Project #04
Title: Personalized PageRank on MapReduce
Leader's Name: Anton Lund
Member2 Name: Andreas Cederholm
Member3 Name: Isaac Rondon Sosa
Member4 Name: Muhammad Haky Rufianto
Related Paper: Bahmani, Bahman, Kaushik Chakrabarti, and Dong Xin. "Fast personalized pagerank on mapreduce." Proceedings of the 2011 ACM SIGMOD International Conference on Management of data. ACM, 2011.
http://131.107.65.14/pubs/145447/mod113-bahmani.pdf
Presentation Day: May 20
Model: ES
PageRank is an algorithm that ranks web pages by calculating the number and quality of links pointing towards the webpage. A variant of PageRank is the Personalized PageRank Algorithm. The algorithm is applied to a network or graph and a defined source node. It then performs random walks through the network with random jumps that takes it back to the source node. With a Monte Carlo approach, the stationary distribution of visited nodes can be approximated. This approach can possibly benefit by being implemented in a MapReduce for processing large graphs.

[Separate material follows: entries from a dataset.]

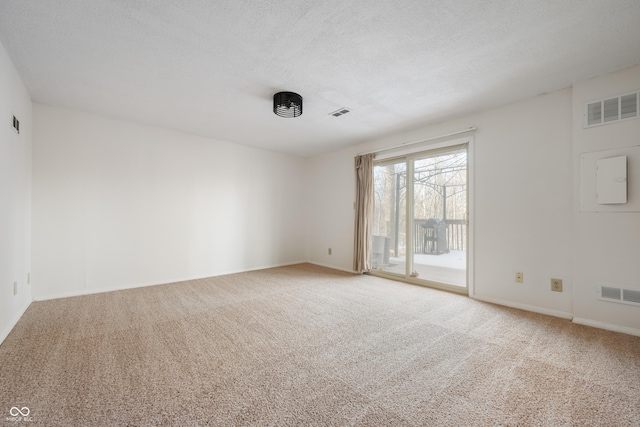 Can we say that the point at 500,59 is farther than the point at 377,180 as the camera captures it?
No

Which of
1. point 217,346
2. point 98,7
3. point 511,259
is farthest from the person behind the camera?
point 511,259

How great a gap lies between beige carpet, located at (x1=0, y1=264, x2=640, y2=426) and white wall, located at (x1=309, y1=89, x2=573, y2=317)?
0.38 metres

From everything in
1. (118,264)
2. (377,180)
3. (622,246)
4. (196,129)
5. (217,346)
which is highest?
(196,129)

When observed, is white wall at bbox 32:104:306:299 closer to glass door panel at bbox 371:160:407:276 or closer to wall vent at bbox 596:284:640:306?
glass door panel at bbox 371:160:407:276

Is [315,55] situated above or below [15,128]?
above

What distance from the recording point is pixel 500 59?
7.20 ft

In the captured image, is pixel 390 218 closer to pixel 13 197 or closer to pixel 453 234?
pixel 453 234

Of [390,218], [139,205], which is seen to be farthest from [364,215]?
[139,205]

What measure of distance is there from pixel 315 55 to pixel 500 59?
1530 mm

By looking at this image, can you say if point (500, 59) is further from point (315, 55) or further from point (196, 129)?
point (196, 129)

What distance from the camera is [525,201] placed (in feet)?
9.62

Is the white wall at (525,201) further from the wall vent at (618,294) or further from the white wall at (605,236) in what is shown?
the wall vent at (618,294)

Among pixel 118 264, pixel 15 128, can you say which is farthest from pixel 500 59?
pixel 118 264

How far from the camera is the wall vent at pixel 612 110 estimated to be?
2303 mm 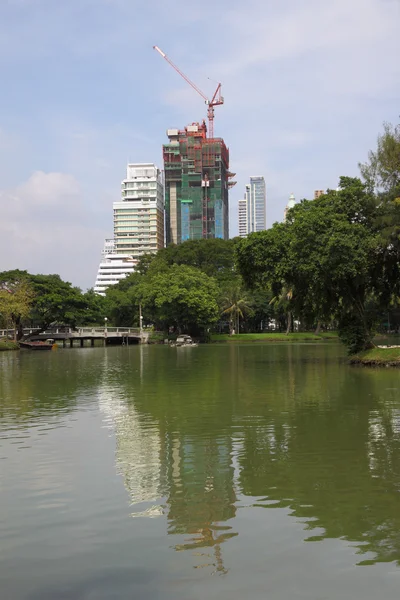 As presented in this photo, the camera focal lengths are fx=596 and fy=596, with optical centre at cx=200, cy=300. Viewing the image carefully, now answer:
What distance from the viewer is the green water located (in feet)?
20.2

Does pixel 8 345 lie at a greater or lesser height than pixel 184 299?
lesser

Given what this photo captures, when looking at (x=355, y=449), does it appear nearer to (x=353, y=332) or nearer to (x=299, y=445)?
(x=299, y=445)

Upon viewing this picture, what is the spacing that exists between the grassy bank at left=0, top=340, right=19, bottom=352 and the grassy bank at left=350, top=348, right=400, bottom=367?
47673mm

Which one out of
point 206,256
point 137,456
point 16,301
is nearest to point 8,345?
point 16,301

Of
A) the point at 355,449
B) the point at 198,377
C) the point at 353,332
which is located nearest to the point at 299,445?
the point at 355,449

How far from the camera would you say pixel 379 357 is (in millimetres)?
32812

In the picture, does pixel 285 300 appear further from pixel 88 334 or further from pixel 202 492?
pixel 202 492

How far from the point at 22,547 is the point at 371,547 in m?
4.12

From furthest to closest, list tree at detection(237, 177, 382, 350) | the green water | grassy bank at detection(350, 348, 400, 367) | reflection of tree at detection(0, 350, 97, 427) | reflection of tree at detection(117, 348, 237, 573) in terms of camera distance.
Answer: grassy bank at detection(350, 348, 400, 367)
tree at detection(237, 177, 382, 350)
reflection of tree at detection(0, 350, 97, 427)
reflection of tree at detection(117, 348, 237, 573)
the green water

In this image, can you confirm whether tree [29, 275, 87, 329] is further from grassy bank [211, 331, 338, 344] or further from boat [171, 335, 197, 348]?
grassy bank [211, 331, 338, 344]

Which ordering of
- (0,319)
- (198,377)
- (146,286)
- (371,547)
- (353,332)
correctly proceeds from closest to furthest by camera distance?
(371,547) → (198,377) → (353,332) → (0,319) → (146,286)

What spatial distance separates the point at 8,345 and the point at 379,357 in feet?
164

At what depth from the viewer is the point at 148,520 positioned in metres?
7.93

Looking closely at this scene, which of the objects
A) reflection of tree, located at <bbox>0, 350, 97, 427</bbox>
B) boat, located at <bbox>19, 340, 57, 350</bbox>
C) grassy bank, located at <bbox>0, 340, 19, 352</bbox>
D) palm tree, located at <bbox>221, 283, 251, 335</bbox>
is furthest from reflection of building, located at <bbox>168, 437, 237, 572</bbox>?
palm tree, located at <bbox>221, 283, 251, 335</bbox>
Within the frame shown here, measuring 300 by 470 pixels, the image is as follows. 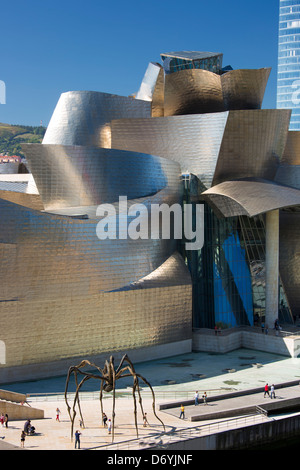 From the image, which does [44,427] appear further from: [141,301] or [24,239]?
[141,301]

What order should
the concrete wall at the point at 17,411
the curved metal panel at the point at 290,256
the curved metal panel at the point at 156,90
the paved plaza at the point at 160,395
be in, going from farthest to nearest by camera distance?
the curved metal panel at the point at 290,256, the curved metal panel at the point at 156,90, the concrete wall at the point at 17,411, the paved plaza at the point at 160,395

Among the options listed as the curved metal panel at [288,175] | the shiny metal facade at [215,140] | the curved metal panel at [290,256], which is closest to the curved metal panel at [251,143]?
the shiny metal facade at [215,140]

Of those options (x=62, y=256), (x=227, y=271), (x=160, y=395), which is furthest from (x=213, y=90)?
(x=160, y=395)

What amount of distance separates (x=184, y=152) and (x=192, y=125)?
4.92 ft

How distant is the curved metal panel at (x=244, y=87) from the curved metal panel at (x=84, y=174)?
7.39 m

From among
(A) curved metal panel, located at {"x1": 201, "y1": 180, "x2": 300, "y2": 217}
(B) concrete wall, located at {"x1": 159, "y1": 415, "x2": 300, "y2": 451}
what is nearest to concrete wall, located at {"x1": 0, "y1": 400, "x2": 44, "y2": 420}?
(B) concrete wall, located at {"x1": 159, "y1": 415, "x2": 300, "y2": 451}

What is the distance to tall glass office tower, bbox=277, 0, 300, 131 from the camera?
317ft

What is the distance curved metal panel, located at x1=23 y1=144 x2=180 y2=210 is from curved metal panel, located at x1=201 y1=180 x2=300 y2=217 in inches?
150

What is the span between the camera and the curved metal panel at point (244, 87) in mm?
35250

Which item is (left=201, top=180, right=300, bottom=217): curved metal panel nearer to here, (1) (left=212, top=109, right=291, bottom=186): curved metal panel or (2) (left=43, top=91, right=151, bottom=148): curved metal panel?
(1) (left=212, top=109, right=291, bottom=186): curved metal panel

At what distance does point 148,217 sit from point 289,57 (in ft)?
243

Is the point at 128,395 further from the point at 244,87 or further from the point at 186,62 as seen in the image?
the point at 186,62

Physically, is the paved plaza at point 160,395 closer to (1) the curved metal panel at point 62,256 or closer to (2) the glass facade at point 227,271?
Answer: (2) the glass facade at point 227,271

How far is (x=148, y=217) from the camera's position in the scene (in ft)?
103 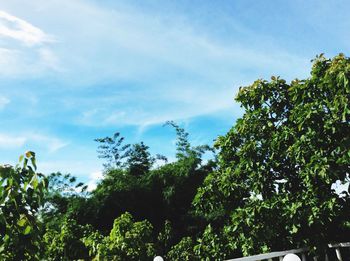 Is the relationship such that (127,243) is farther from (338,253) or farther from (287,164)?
(338,253)

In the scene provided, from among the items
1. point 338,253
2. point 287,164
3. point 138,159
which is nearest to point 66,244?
point 287,164

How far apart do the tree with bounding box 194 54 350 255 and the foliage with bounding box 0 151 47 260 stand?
3809mm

This project aims to investigate and show how the Personalized PageRank algorithm can be implemented in a MapReduce framework and test it on an application domain. The application in this project will be a crawler that maps a web domain and ranks the pages according to the algorithm. We will aim to use common frameworks such as Apache Nutch and Apache Hadoop to build the application.